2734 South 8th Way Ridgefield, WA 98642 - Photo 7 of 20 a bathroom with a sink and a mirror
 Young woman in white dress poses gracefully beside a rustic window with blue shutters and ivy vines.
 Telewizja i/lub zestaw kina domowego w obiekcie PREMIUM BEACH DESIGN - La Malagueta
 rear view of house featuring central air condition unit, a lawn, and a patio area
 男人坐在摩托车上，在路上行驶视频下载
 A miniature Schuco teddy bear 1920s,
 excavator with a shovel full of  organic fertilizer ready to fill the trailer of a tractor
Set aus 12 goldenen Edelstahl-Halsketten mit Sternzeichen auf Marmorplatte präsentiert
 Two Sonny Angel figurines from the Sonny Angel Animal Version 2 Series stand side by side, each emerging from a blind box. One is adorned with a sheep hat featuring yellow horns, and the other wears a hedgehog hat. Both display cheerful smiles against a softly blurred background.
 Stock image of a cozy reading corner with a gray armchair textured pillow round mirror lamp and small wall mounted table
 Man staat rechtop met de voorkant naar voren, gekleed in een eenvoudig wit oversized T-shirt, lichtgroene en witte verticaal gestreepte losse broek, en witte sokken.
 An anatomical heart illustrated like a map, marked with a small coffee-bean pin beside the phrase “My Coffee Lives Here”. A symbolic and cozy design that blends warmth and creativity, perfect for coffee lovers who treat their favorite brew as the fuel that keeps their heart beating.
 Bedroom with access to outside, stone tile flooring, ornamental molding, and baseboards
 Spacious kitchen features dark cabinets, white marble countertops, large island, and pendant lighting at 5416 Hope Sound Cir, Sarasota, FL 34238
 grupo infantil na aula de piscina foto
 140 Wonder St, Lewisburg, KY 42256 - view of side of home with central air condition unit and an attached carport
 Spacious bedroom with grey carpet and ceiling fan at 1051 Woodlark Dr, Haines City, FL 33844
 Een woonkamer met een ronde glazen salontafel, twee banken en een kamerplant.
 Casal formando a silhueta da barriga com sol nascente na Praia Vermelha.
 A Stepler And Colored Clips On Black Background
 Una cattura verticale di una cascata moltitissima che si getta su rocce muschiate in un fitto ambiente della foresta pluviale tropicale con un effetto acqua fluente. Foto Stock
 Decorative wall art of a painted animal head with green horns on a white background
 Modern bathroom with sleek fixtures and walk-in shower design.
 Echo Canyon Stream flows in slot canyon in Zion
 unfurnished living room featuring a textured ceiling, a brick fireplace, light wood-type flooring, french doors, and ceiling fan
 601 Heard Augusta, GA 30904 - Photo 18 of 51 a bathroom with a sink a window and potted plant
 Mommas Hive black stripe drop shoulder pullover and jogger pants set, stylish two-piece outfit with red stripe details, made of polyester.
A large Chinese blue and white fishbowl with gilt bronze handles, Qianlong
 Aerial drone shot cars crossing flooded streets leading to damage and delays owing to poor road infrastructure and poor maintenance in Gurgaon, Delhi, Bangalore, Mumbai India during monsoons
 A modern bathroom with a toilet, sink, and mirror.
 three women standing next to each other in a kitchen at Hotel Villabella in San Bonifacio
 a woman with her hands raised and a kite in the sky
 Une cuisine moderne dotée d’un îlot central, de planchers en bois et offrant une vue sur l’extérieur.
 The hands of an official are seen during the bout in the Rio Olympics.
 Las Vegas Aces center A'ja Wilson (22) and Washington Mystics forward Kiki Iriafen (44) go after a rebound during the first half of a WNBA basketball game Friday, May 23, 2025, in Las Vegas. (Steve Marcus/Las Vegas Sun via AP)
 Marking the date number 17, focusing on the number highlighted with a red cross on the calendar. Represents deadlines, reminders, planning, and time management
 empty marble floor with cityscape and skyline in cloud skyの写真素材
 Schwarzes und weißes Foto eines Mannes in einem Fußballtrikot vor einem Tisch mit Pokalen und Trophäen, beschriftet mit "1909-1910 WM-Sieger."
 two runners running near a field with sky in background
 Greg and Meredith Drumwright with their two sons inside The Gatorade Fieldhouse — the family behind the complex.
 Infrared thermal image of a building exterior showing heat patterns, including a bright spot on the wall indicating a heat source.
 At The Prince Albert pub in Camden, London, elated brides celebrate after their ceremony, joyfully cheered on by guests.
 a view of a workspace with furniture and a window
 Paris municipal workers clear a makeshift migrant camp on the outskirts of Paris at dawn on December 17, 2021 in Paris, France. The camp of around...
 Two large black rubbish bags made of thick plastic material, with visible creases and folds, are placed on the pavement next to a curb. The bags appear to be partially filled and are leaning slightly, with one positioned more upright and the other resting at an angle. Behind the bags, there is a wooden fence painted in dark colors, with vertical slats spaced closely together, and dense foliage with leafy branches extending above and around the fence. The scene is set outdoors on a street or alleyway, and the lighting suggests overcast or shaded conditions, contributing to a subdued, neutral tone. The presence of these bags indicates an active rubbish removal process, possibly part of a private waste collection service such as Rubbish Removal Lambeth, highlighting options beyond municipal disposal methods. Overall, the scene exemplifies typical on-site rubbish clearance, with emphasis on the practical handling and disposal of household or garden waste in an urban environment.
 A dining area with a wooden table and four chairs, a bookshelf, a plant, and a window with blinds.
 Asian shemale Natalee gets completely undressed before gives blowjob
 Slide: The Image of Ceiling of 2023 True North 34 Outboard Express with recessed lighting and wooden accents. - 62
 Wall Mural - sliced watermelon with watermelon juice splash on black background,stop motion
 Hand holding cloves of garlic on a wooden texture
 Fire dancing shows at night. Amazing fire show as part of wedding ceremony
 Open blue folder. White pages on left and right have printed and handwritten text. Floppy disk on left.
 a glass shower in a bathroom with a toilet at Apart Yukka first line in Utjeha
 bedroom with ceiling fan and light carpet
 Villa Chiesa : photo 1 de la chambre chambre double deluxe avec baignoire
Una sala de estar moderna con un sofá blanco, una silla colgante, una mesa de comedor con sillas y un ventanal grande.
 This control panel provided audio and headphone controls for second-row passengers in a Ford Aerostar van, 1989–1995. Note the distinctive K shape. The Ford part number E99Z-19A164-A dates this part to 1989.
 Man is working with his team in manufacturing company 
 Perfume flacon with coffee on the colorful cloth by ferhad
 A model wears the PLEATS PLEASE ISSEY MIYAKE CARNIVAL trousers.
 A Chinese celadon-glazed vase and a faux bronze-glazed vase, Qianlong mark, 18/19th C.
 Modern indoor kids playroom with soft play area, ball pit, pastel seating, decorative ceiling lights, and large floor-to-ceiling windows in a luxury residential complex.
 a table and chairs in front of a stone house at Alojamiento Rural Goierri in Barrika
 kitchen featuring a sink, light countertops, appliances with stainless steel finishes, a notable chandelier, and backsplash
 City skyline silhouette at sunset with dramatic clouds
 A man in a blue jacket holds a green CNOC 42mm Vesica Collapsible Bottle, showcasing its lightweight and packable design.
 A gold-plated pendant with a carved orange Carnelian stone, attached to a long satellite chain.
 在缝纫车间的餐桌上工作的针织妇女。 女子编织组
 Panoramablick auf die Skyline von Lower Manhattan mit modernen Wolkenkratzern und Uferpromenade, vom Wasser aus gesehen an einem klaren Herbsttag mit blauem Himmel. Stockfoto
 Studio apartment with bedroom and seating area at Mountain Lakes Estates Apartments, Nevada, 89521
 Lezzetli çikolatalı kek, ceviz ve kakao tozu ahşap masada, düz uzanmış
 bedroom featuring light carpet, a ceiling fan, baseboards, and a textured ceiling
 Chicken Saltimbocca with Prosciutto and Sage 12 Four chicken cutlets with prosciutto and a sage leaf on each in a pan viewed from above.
::::::
THE TASK: From the line that has "A miniature Schuco" through the line that has "Set aus 12 goldenen", copy every line exactly as it appears above, and leave out all others.

REPLY:
 A miniature Schuco teddy bear 1920s,
 excavator with a shovel full of  organic fertilizer ready to fill the trailer of a tractor
Set aus 12 goldenen Edelstahl-Halsketten mit Sternzeichen auf Marmorplatte präsentiert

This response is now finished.